Applying the chain rule helps to break down complex expressions into manageable parts, allowing us to differentiate each component effectively. For instance, identifying \( u = t^2 + 4 \) allows us to focus on finding \( u' = 2t \), simplifying the differentiation of \( \ln(t^2 + 4) \) to \( \frac{2t}{t^2 + 4} \). Thus, understanding and applying the chain rule is crucial to finding derivatives of functions composed of multiple layers.

The derivative of logarithmic functions plays a pivotal role in calculus, especially when the function involves natural logarithms \( \ln(x) \). The general rule is that the derivative of \( \ln(u) \), with respect to \( x \), is \( \frac{u'}{u} \).
This formula is particularly useful because it provides a straightforward way to differentiate functions that have logarithms. We often see this in equations involving exponential growth or decay, engineering, and natural processes.
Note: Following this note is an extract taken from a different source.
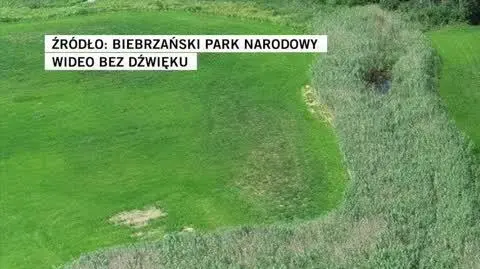 Biebrzański Park Narodowy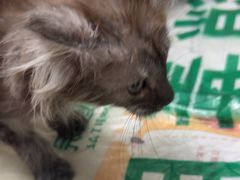 -瑞派宠物医院·24h·骨外科·皮肤科·全科宠物医疗转诊中心(沈阳浑南院)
For the given problem, \( y_1 = \ln(t^2 + 4) \), we identify the inner function \( u = t^2 + 4 \), and find its derivative \( u' = 2t \). Using the derivative of logarithmic functions rule, the derivative of \( \ln(t^2 + 4) \) becomes \( \frac{2t}{t^2 + 4} \). This transformation highlights how the logarithmic differentiation splits the problem into finding simpler derivatives of basic functions.

Inverse trigonometric functions like \( \arctan(x) \) have unique derivatives that require careful handling, especially when they're part of more complex expressions. The general derivative of \( \arctan(u) \), where \( u \) is a function of \( x \), is \( \frac{u'}{1 + u^2} \).
In our example, we're differentiating \( y_2 = -\frac{1}{2} \arctan(t/2) \). Identifying \( u = t/2 \), we first compute its derivative, \( u' = 1/2 \). Applying the derivative rule for \( \arctan(x) \), the derivative of \( -\frac{1}{2} \arctan(t/2) \) turns into \(-\frac{1}{2} \times \frac{1/2}{1 + (t/2)^2} = -\frac{1}{4(1 + t^2/4)}\).

These derivatives are instrumental when solving problems involving inverse trigonometric functions, as they enable understanding of changes in angles and their impacts in related fields such as physics and engineering. Thus, knowing how to compute them allows you to tackle a variety of calculus problems effectively.